Save or print this lesson:

Lesson 2: One-Way ANOVA Procedure

Step-by-Step Calculations and the ANOVA Table

What is One-Way ANOVA?

One-way ANOVA is used when we have:

One categorical independent variable (called a factor) with 3+ levels (groups)
One quantitative dependent variable (the measurement we're comparing)

Example

Factor: Teaching method (Traditional, Flipped, Project-based)
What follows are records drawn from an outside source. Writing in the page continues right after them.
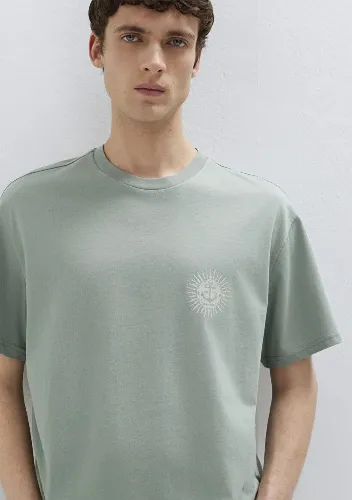 Resim Mavi Erkek T-shirt M0613289-70113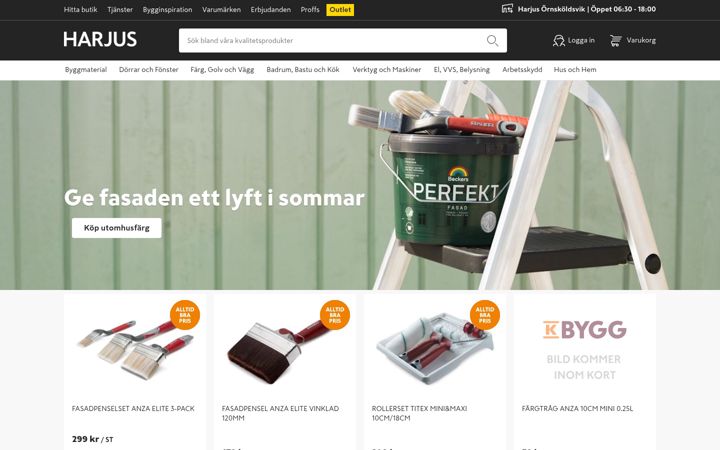 Screenshot of harjus.se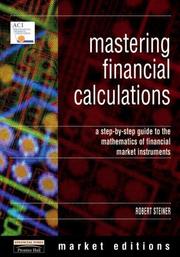 Cover of Mastering financial calculations by Bob Steiner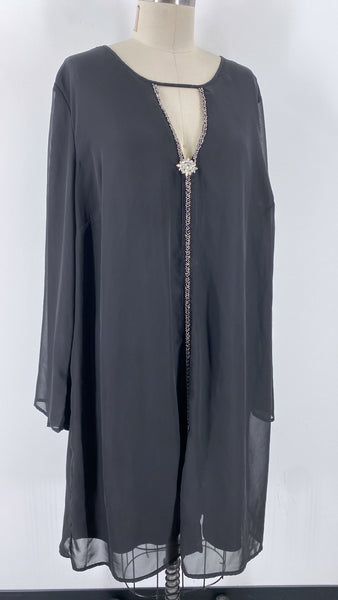 Love Squared Black Dress, 3X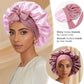 Layered Satin Hair Bonnet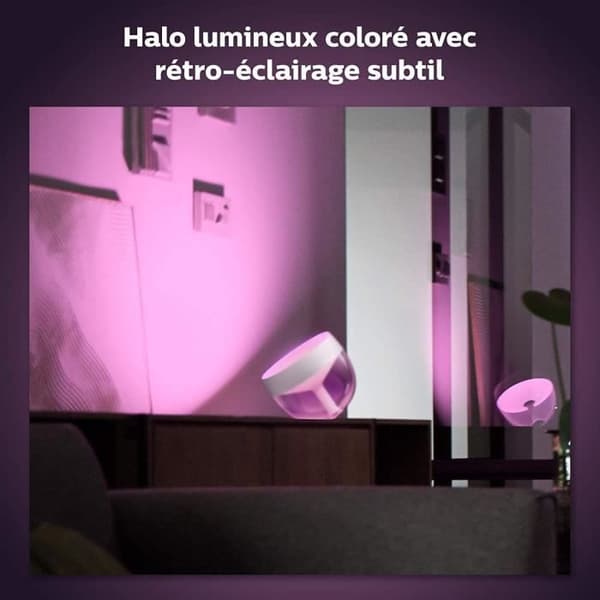 Philips Hue White & Color Ambiance Iris Lamp, Bluetooth Compatible, Black
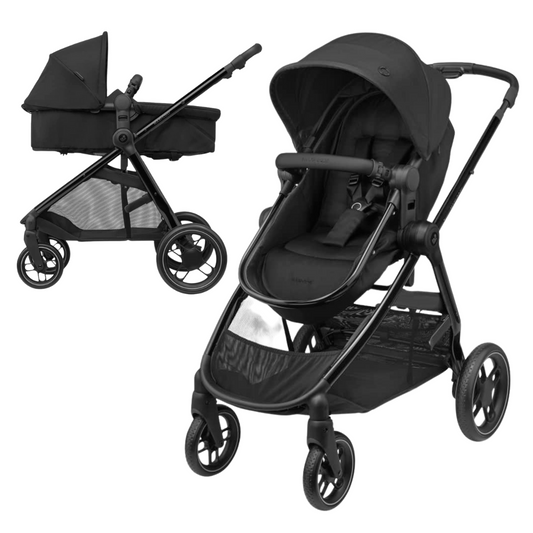 MAXI-COSI KOLICA 2u1 ZELIA3 LUXE + Košara - Twillic Black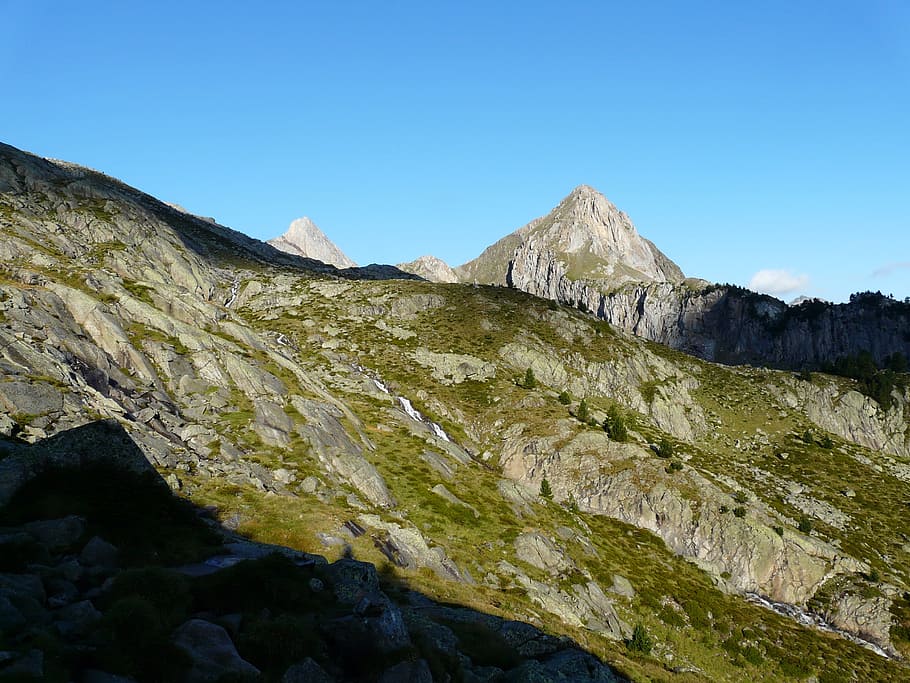 Ascensão, Pico, De, Paderna, Pirineus, Pico de Paderna, Refúgio da Renclusa, Alpino, Cimeira, Cimeira da montanha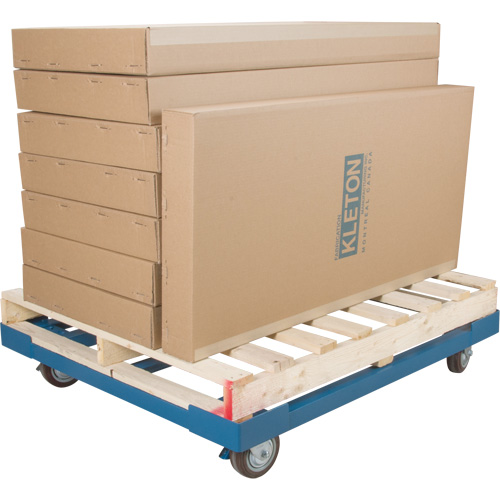 Socle roulant pour palette, 48,5" la x 43" p x 8" h, Capacit&eacute; de 3000 lb Equipex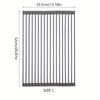 Silicone Drain Rack, Foldable Kitchen Sink Draining Rack for Vegetables And Dishes, Large Roll-up Folding Draining Rack with Heat Insulation Pad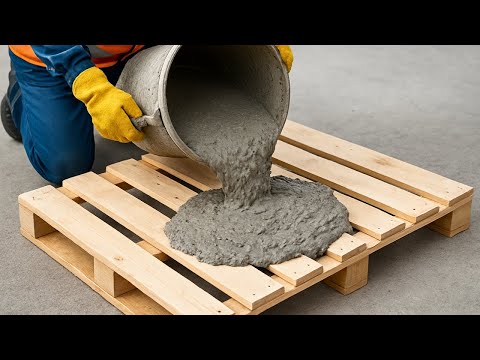 Amazing Creations from Cement and Wooden Pallets, DIY Garden Decorations From Recycled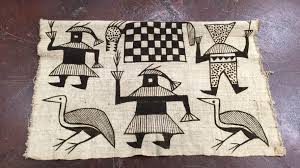 Lot - African Mud Cloth Senufo Korhogo Tapestry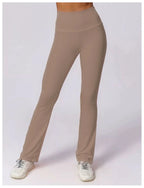 High-waisted flared leggings in sculpting technical fabric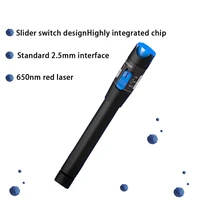 fiber optic cable tester 5km visual fault locator scfcst 2 5mm interface red light pen for fiber network cable test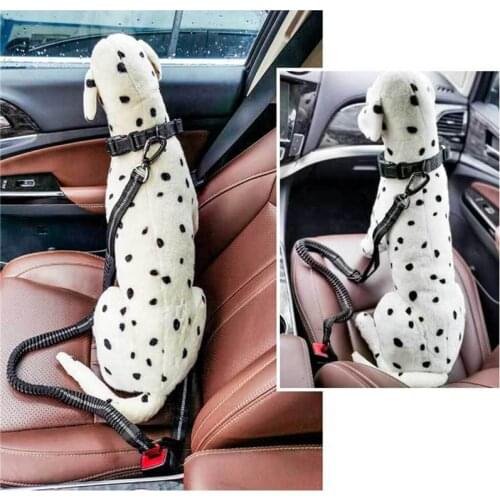New Dog Leash Retractable Fashion Reflective Adjustable Car Seat Belt Leashes Pet Product For Medium And Large Dog Collar Leash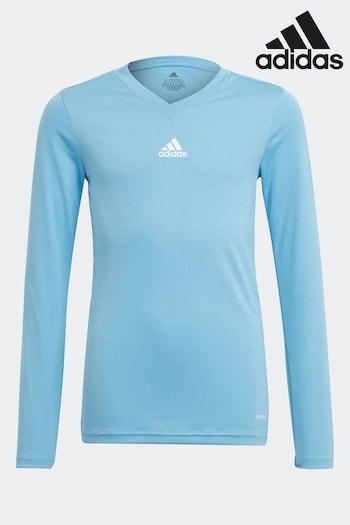 adidas Sky Blue Team Base T-Shirt (Q87822) | £12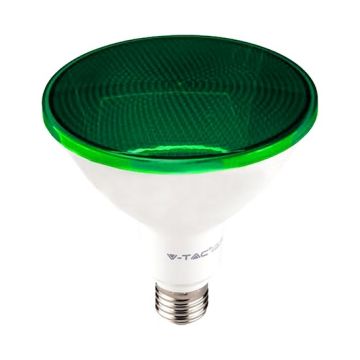 Bombilla LED V-TAC VT-1227 de 17 W, SMD PAR38, E27, 850 lm, luz verde de 80°, resistente al agua IP65 - SKU 92067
Dependent variable: Final exam score

This is "one-way" because we're looking at the effect of ONE factor (teaching method).

Note: There's also two-way ANOVA (two factors) and other variations, but we'll focus on one-way ANOVA in this course.

Understanding Sum of Squares

ANOVA breaks down the total variation in the data into two components:

1. Total Sum of Squares (SST)

Measures the total variation of all observations from the grand mean.

SST = Σ(x_ij - x̄)²

Where:

x_ij = individual observation (i-th observation in j-th group)
x̄ = grand mean (mean of ALL observations)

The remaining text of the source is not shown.